[Data extracted from a collection]
--- START ---
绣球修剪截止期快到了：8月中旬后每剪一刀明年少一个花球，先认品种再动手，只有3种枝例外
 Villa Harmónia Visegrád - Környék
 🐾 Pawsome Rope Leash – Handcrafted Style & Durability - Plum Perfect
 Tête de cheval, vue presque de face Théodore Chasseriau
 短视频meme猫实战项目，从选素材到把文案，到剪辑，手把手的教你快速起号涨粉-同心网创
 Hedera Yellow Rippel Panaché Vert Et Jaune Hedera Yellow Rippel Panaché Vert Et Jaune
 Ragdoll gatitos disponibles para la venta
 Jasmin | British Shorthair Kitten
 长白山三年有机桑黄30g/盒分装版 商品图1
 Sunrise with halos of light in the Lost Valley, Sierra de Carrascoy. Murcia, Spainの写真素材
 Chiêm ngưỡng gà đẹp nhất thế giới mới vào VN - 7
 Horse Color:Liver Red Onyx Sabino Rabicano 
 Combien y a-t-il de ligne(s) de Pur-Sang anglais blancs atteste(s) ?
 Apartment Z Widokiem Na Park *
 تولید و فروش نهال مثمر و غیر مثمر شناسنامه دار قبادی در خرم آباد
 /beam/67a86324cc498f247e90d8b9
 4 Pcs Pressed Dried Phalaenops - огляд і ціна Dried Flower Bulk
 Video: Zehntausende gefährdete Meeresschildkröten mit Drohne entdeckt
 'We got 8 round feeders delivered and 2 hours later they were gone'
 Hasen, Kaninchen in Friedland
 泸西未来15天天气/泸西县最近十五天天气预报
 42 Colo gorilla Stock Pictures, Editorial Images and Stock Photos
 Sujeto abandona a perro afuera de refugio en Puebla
--- END ---
### Your goal
Although the records may continue, retype only the lines from the first one through the one containing "短视频meme猫实战项目，从", exactly as they appear.

### Result
绣球修剪截止期快到了：8月中旬后每剪一刀明年少一个花球，先认品种再动手，只有3种枝例外
 Villa Harmónia Visegrád - Környék
 🐾 Pawsome Rope Leash – Handcrafted Style & Durability - Plum Perfect
 Tête de cheval, vue presque de face Théodore Chasseriau
 短视频meme猫实战项目，从选素材到把文案，到剪辑，手把手的教你快速起号涨粉-同心网创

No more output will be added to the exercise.